Image Credit: John MacDougall/Pool Photo via AP, File

In a startling revelation that has sent shock waves through the climate change community, Sultan Al Jaber, the president of the upcoming COP28 climate summit, has been exposed for using his influential position to foster oil trade deals. This conflict of interest, uncovered through an investigation by the Center for Climate Reporting (CCR) in collaboration with the BBC, raises serious questions about the integrity of the UN climate summit leadership.

The investigation, which involved meticulously analyzing over 150 pages of leaked internal briefings, reveals that Al Jaber, who also serves as the CEO of the Abu Dhabi National Oil Company (Adnoc), has been engaging in discussions aimed at boosting Adnoc’s oil and gas business during meetings ostensibly focused on the climate summit. These documents provide an unprecedented look into the private discussions between Al Jaber and senior government figures, revealing a disturbing blending of climate diplomacy and business lobbying.

Al Jaber’s dual role as COP28 president and head of a major oil company has been a point of contention since his appointment. The leaked documents now confirm fears that he has been leveraging his role at the summit to further commercial interests in the fossil fuel industry. According to the briefings prepared ahead of these high-level meetings, Al Jaber planned to raise commercial interests with nearly 30 countries. This revelation starkly contrasts with the expectations of impartiality and commitment to reducing global emissions that come with the leadership of such a significant international environmental event.

The response from various countries to these revelations has been a mix of denials and silence. Several nations have outright denied discussing commercial interests with Al Jaber, despite evidence to the contrary in the form of detailed briefings prepared ahead of their meetings. This lack of transparency and conflicting statements add to the concerns about the credibility of diplomatic processes surrounding the climate summit.

The COP28 team, in response to the allegations, has neither denied nor confirmed the use of bilateral meetings for business discussions. They have, however, acknowledged Al Jaber’s multiple roles, emphasizing the public knowledge of his positions while declining to comment on the specifics of private meetings. Internal emails and meeting records, as revealed by the investigation, indicate a significant overlap between the summit’s activities and corporate interests, particularly those of Adnoc and Masdar, another company Al Jaber is involved with.

Experts in climate politics and former COP leaders have criticized Al Jaber’s actions as undermining trust in the COP presidency. Prof Michael Jacobs from Sheffield University and Manuel Pulgar-Vidal, president of the COP20 summit, have highlighted the incompatibility of representing national or commercial interests while leading a UN process aimed at reducing global emissions. This breach of trust could potentially jeopardize the effectiveness of the COP28 summit in fostering substantive climate action.

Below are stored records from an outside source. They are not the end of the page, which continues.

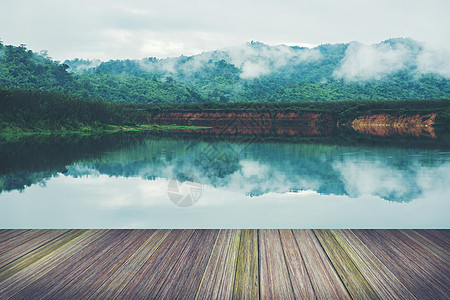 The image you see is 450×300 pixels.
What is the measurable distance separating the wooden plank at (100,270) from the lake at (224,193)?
76 centimetres

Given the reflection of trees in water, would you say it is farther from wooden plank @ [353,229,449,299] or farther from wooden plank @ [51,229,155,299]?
wooden plank @ [51,229,155,299]

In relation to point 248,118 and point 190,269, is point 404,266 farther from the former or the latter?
point 248,118

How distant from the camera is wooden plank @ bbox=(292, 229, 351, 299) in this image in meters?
2.76

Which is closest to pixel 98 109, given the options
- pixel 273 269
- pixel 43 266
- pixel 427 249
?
pixel 43 266

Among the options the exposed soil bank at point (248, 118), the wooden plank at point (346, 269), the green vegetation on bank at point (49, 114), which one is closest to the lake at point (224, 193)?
the wooden plank at point (346, 269)

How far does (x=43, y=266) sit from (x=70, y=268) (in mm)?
241

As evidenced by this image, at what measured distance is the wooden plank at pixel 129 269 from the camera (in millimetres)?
2754

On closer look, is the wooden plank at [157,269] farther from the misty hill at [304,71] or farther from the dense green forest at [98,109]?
the misty hill at [304,71]

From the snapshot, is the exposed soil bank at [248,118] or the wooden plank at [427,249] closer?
the wooden plank at [427,249]

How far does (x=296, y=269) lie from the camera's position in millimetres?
3129

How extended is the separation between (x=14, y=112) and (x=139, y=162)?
787 inches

The implications of Al Jaber’s actions extend beyond ethical concerns. They pose a threat to the global commitment to transition away from fossil fuels and combat climate change. With the world already facing the urgent task of mitigating global warming, the potential influence of a major oil company within the leadership of a UN climate summit raises critical questions about the commitment to this transition and the integrity of global climate negotiations.

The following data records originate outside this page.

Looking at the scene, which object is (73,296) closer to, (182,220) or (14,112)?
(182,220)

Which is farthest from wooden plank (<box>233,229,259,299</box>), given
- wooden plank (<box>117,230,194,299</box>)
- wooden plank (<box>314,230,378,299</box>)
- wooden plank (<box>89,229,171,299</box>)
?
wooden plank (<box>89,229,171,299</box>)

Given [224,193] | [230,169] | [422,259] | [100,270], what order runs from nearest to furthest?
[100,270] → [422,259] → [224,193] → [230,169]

As the international community prepares for the COP28 summit, these revelations underscore the need for greater transparency and accountability in climate leadership. Ensuring that those leading the conversation on climate change are free from conflicts of interest is crucial for the success of global efforts to combat the climate crisis. The world is watching closely, and the future of international climate action may hinge on how the COP28 summit addresses these concerns and ensures the integrity of its leadership.

The allegations against Sultan Al Jaber represent a critical challenge to the credibility of the COP28 summit and the broader climate change dialogue. It is imperative for global leaders and organizations to reaffirm their commitment to impartiality and transparency in addressing the climate crisis. The integrity of future climate summits and the trust in those leading them are at stake.